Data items
━━━━

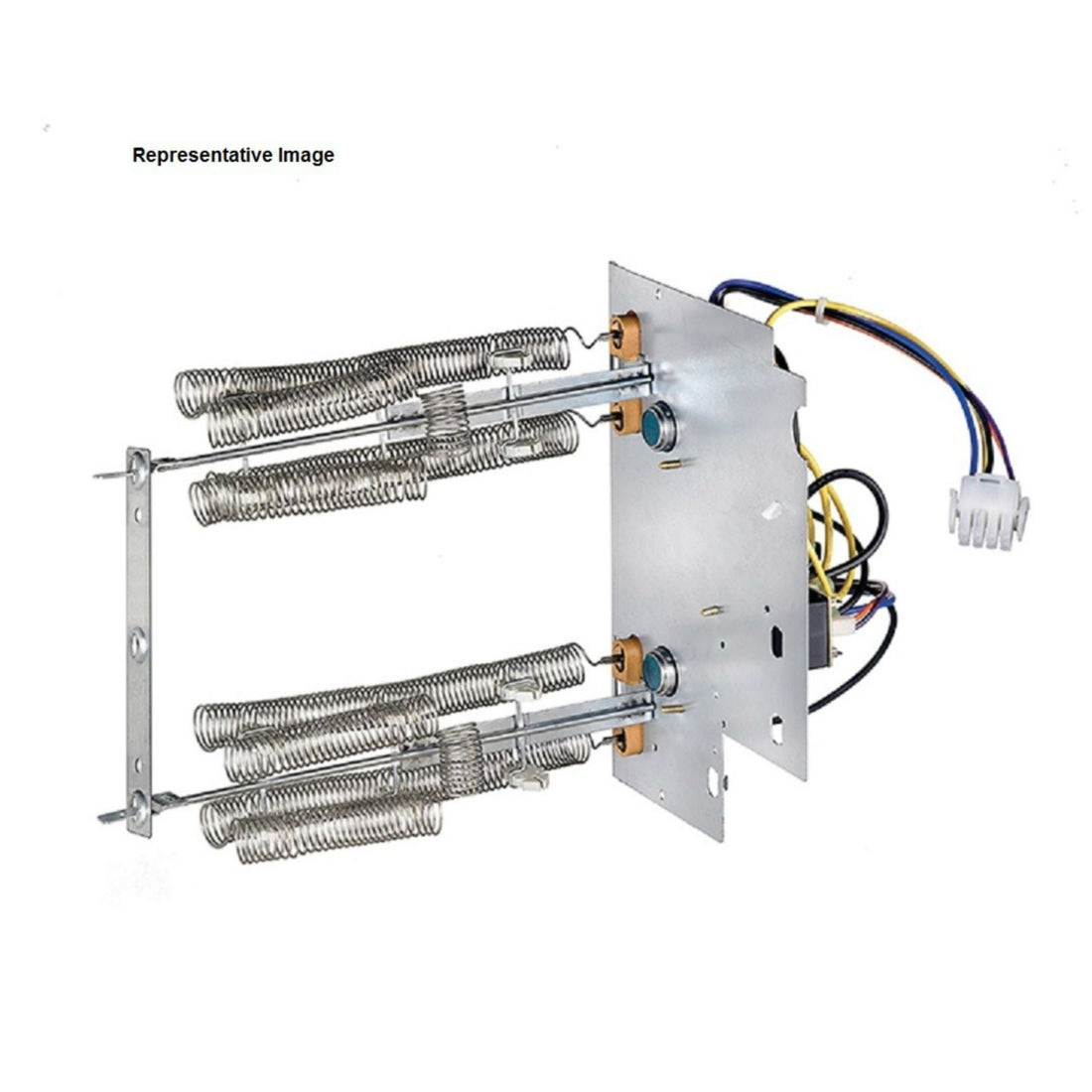 ACiQ 20 Kilowatt 68,000 BTU ACiQ Heater Coil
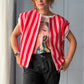 Stripes Weste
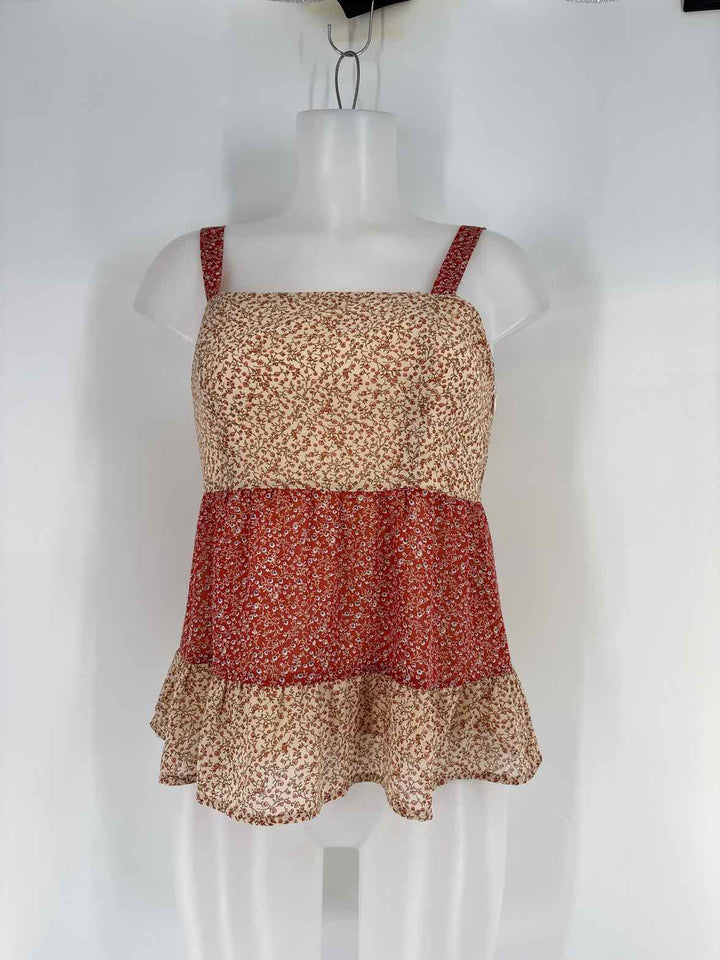 Size S Multi-Color Shirt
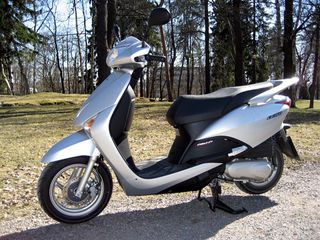 Honda LEAD 2009 LEAD 110i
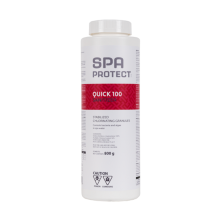 IPG SPA QUICK 100 800G STAB CHLOR GRAN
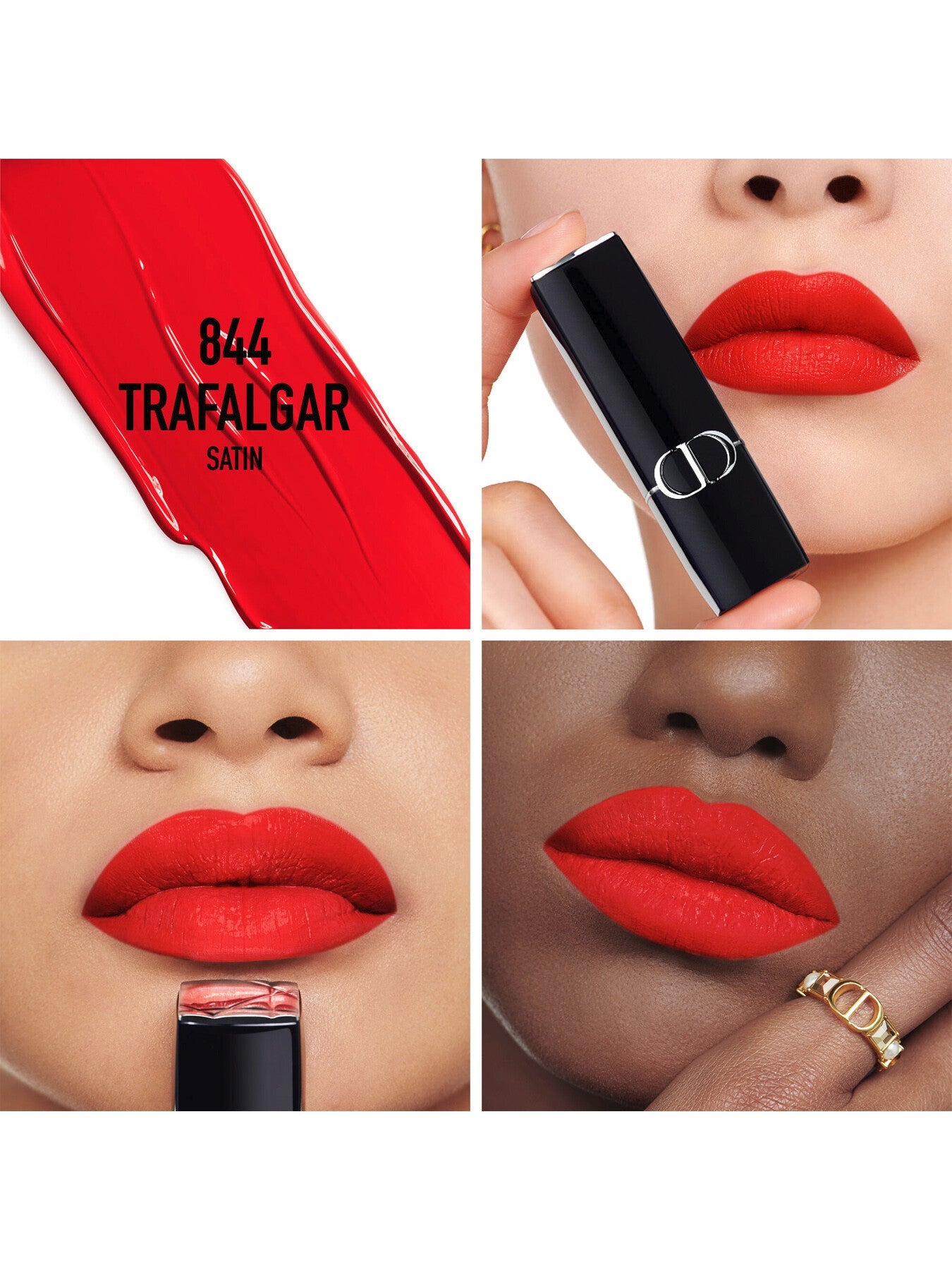 Rouge Dior Couture Lipstick - Satin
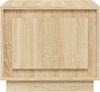 vidaXL Couchtisch Sonoma-Eiche 51x50x44 cm Holzwerkstoff 819871 Bild 5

━━━━

After locating the line with "Rouge Dior Couture Lipstick - Satin", transcribe it and the rest of the data above exactly as written, without any picture.

Response area:
 Rouge Dior Couture Lipstick - Satin
 vidaXL Couchtisch Sonoma-Eiche 51x50x44 cm Holzwerkstoff 819871 Bild 5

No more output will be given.